# My Girl Spoils Me...



## Posh's Mom (Dec 20, 2007)

I've been babysitting my mom's darling sheltie mix for the last three days. While I love her, I CAN'T STAND HER FUR EVERYWHERE! Susan, Julie, all of you with shedding breeds, how the heck do you do it without wanting to :frusty::frusty::frusty::frusty:?

I had two dogs that shed in my life before Posh, but now I am just too trained not to have to vacuum every two hours.

Actually, my agility trainer thinks she might have an inactive thyroid and that is why she is "blowing coat."

Anyone else experience this kind of hairy mess?

I "heart" Havanese!


----------



## Havtahava (Aug 20, 2006)

Oh yes!
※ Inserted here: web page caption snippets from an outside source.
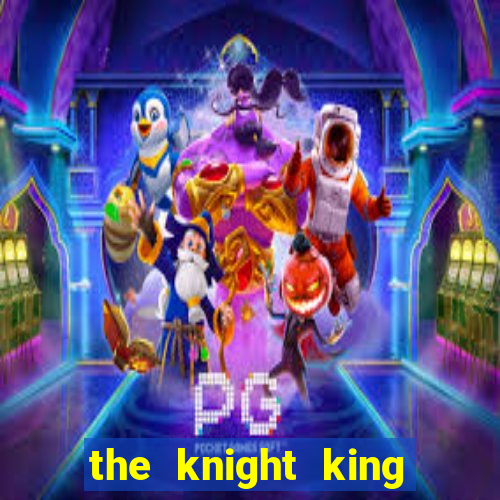 the knight king who returned with a god cap 7 the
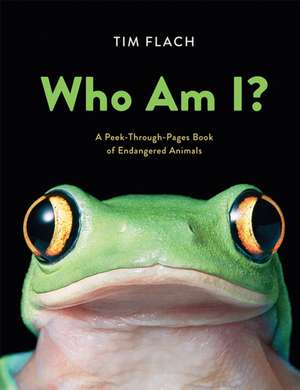 Who Am I?: A Peek-Through-Pages Book of Endangered Animals de Tim Flach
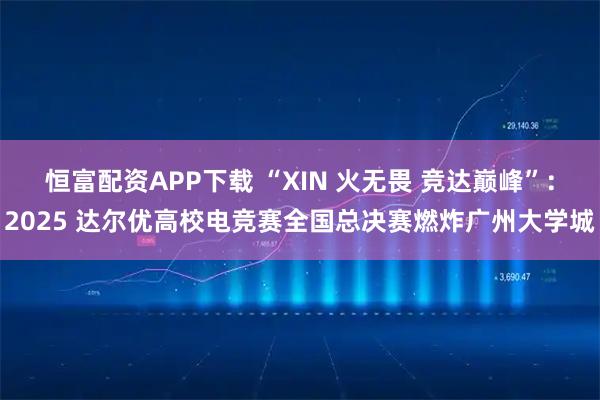 恒富配资APP下载 “XIN 火无畏 竞达巅峰”:2025 达尔优高校电竞赛全国总决赛燃炸广州大学城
We've had a variety of shedding and non-shedding breeds, but nothing prepared me for our beloved Akita. That girl could shed like no dog I'd ever seen before. Twice a year, I had to vacuum multiple times a day and I even broke a new vacuum in a month with all that hair. You could clean the floor and see clumps develop within an hour or two when she was doing her shedding. 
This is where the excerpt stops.